Walt Whitman And His Leaves Of Grass Poem by Bijay Kant Dubey

Walt Whitman And His Leaves Of Grass



Walt Whitman’s Leaves of Grass just like
The Tennyson of In Memoriam,
Plucking the blade of grass and piping
As did he Tennyson
In the memory of his friend
And reflecting over faith and doubt as well.

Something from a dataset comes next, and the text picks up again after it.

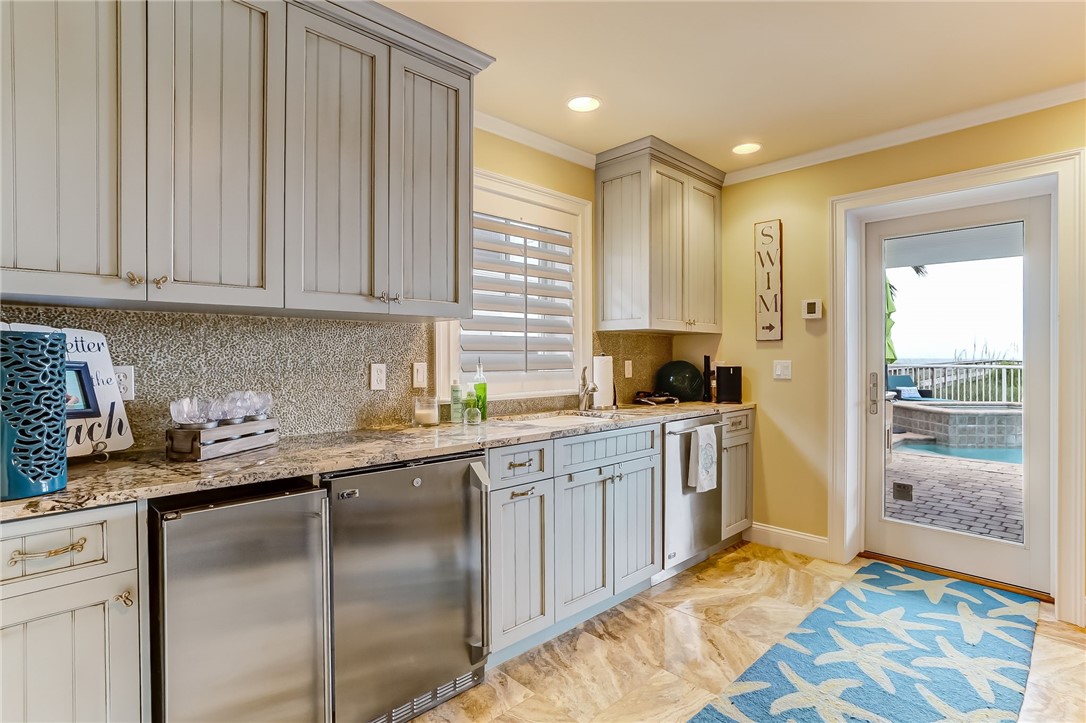 2384 South Fletcher Avenue Fernandina Beach, FL 32034 - Photo 27 of 35 a kitchen with a sink refrigerator and cabinets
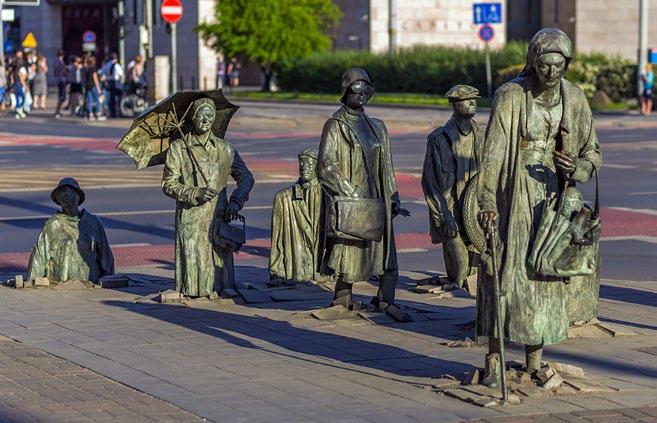 Pomysł na weekend z laską, kobietę z zakupami, mężczyzna z walizką i dziesięciu innych zwykłych przechodniów. Część postaci możemy podziwiać w całości, inne znikają w niewidzialnym przejściu.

As Wordsworth went on adding and revising The Prelude,
Similar the case with the text of Whitman’s Leaves of Grass,
The 1855 the original edition
But the latter varying in degrees,
Appending and modifying the same titles
Which may not tally with.

A poet of America, Americanness and Americanism,
Whitman is one under the influence
Of the American Brahmins
Quite under the influences of the Hindu texts,
I mean the American transcendentalists,
Thoreau, Emerson and others.

Bearded, unkempt, haired, mustached,
Shabby and clumsy,
A visionary lost in the dreams of his,
Thinking of the shores and banks lying across
Where he cannot,
But the flight of imagination can.

Starting from Song of Myself, he moves to A Song for Occupations,
To Think of Time, The Sleepers, I Sing the Body Electric,
Faces, Song of the Answerer,
Europe: The 72nd and 73rd Years of These States,
A Boston Ballad, There Was a Child Went Forth,
Who Learns My Lessons Complete, Great Are the Myths.

A poet of America, he sings of all those who have
Contributed to human growth and development,
Praising every dignity of labour
Be any benefiting human race,
Of shipmen, navigators, travellers, adventurers,
Voyagers, sailors, soldiers, builders and architects.

A poet, dreamer, visionary and a thinker,
He keeps brooding, dreaming, imagining and thinking
About mankind in distress, pain and agony,
A vagabond in life-style, a gipsy in his living,
He is a poet of the common man,
A nascent and united America and American states.